During his time at the Gallery, Dr Bell acquired around 1800 works in glass, jewellery, metalwork, woodwork, furniture and ceramics. This accounts for approximately 10% of our State Art Collection. In numbers alone his legacy is enormous, and in every way his work built the craft and design collection that we all enjoy today. Within this exhibition, works he acquired can be identified by the dates on the acquisition line on individual labels: everything between 1977 and 2000 came in through his efforts. If you take the time, you will see for yourself the depth of his contribution, and recognise that the objects he brought into the collection resonate at the very heart of this exhibition. You will also get a glimpse of the diversity of his interests, as the material ranges from Victorian mourning jewellery, to Western Australian innovators, to major works by the best in Australian and international contemporary jewellery, including Johannes Kuhnen and Wendy Ramshaw.
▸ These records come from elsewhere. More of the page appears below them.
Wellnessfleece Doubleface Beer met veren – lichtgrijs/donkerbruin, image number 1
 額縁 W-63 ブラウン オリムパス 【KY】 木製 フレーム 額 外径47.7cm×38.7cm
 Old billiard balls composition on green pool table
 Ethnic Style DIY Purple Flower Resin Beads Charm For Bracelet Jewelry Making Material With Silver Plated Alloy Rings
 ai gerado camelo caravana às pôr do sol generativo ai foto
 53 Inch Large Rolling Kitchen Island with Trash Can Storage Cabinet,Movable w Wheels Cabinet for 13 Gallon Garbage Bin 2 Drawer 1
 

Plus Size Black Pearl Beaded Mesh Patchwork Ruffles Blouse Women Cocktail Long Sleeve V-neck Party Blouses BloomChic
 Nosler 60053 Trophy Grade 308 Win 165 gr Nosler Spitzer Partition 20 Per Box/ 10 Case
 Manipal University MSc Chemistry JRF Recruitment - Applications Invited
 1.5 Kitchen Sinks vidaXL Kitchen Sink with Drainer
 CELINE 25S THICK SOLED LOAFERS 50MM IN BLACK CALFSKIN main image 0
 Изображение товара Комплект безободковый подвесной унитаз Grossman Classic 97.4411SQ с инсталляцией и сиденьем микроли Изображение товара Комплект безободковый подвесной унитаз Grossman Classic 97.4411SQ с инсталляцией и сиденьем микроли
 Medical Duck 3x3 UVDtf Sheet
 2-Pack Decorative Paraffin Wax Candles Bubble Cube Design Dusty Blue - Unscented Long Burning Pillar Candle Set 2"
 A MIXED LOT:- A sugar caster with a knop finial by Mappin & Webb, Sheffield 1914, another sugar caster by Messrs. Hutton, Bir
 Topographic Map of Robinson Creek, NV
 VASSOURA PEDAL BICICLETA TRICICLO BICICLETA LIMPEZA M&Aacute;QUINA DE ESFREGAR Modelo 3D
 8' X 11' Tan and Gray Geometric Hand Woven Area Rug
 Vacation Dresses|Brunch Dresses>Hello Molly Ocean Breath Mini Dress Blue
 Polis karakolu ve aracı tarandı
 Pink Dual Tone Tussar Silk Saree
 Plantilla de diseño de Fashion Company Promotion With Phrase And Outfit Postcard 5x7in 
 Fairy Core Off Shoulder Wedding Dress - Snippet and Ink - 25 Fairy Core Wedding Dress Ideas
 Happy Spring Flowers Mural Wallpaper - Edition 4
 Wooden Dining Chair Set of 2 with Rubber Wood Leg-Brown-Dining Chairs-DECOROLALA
It is clear that Dr Bell’s stewardship of the collection ensured that craft and design material was at the core of our collecting and exhibition programs; it remains so because of his work. A principle achievement was his directorship of the three major Australian International Crafts Triennials he produced during his tenure (in 1989, 1992 and 1998). These were enormous undertakings, composed of several exhibitions each, that elegantly choreographed an international dialogue between makers from different traditions and diverse media bases. They were the result of significant research and travel and the cultivation of rich professional and personal connections with all of the artists involved. Their quality was ensured by his passion, his historical and philosophical acuity, and his consummate eye and feel for all the details of exhibition making. These exhibitions stand as brilliant moments of curatorial endeavour and have never been replicated in this country. As with all of his achievements here, the Triennials firmly internationalised the Gallery’s approach to craft and design. His work helped to make AGWA a place where local, national and international makers could be inspired, respected, and assured that the very best examples of their chosen art forms would meet a wide, appreciative public.

The entire staff of the Gallery, past and present, is hugely indebted to his unique vision and dedication and we offer him our profound gratitude. Dr Bell’s place in the cultural history of this country and the world is uncontested.